▶
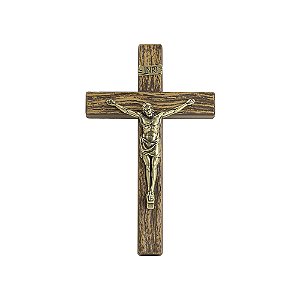 Crucifixo De Parede Metal Com Textura Amadeirada 25 Cm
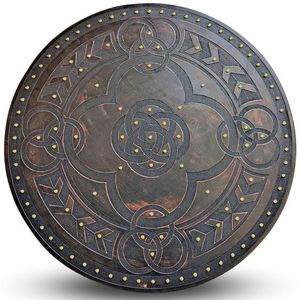 Escudo Medieval de madera Battle Ready, Escudo de Metal redondo Medieval, edad vikinga, Edad Media, escudo redondo Medieval, deportes marrones vikingos - Product Image 2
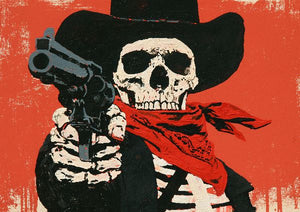 Skelett i cowboyhatt och röd scarf som riktar en revolver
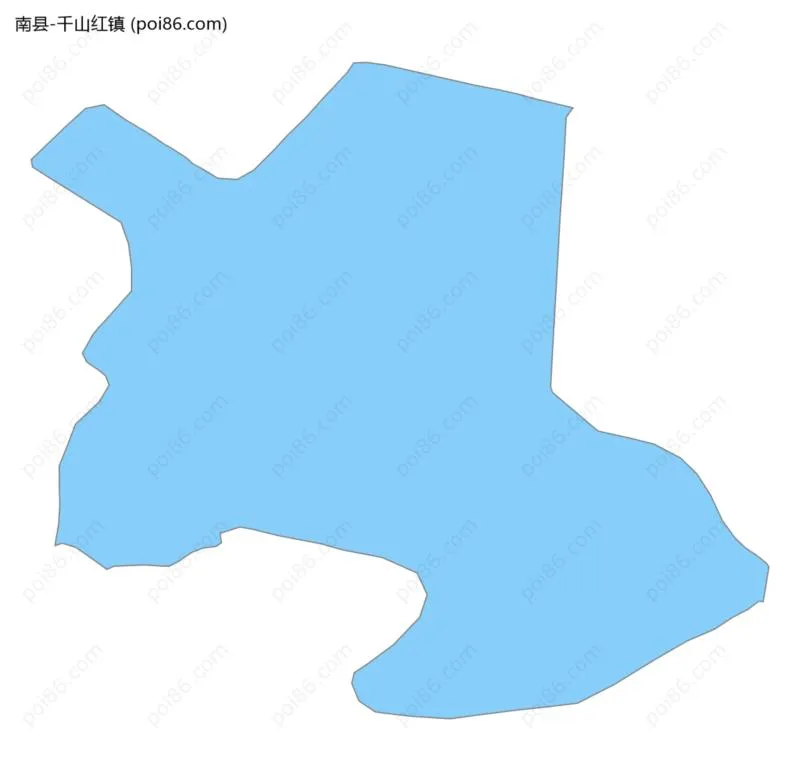 千山红镇边界地图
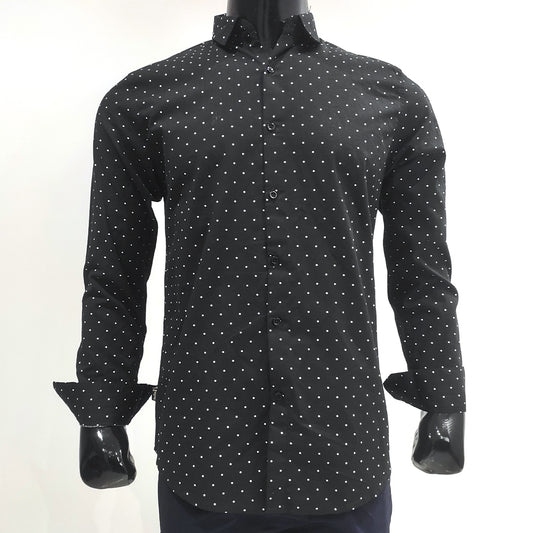 Dotted Print Cotton Full Sleeve Shirt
◀
● **EXERCISE**:
Without the pictures, reproduce every record exactly as it appears above.

● **WRITTEN RESPONSE**:
 Crucifixo De Parede Metal Com Textura Amadeirada 25 Cm
 Escudo Medieval de madera Battle Ready, Escudo de Metal redondo Medieval, edad vikinga, Edad Media, escudo redondo Medieval, deportes marrones vikingos - Product Image 2
 Skelett i cowboyhatt och röd scarf som riktar en revolver
 千山红镇边界地图
 Dotted Print Cotton Full Sleeve Shirt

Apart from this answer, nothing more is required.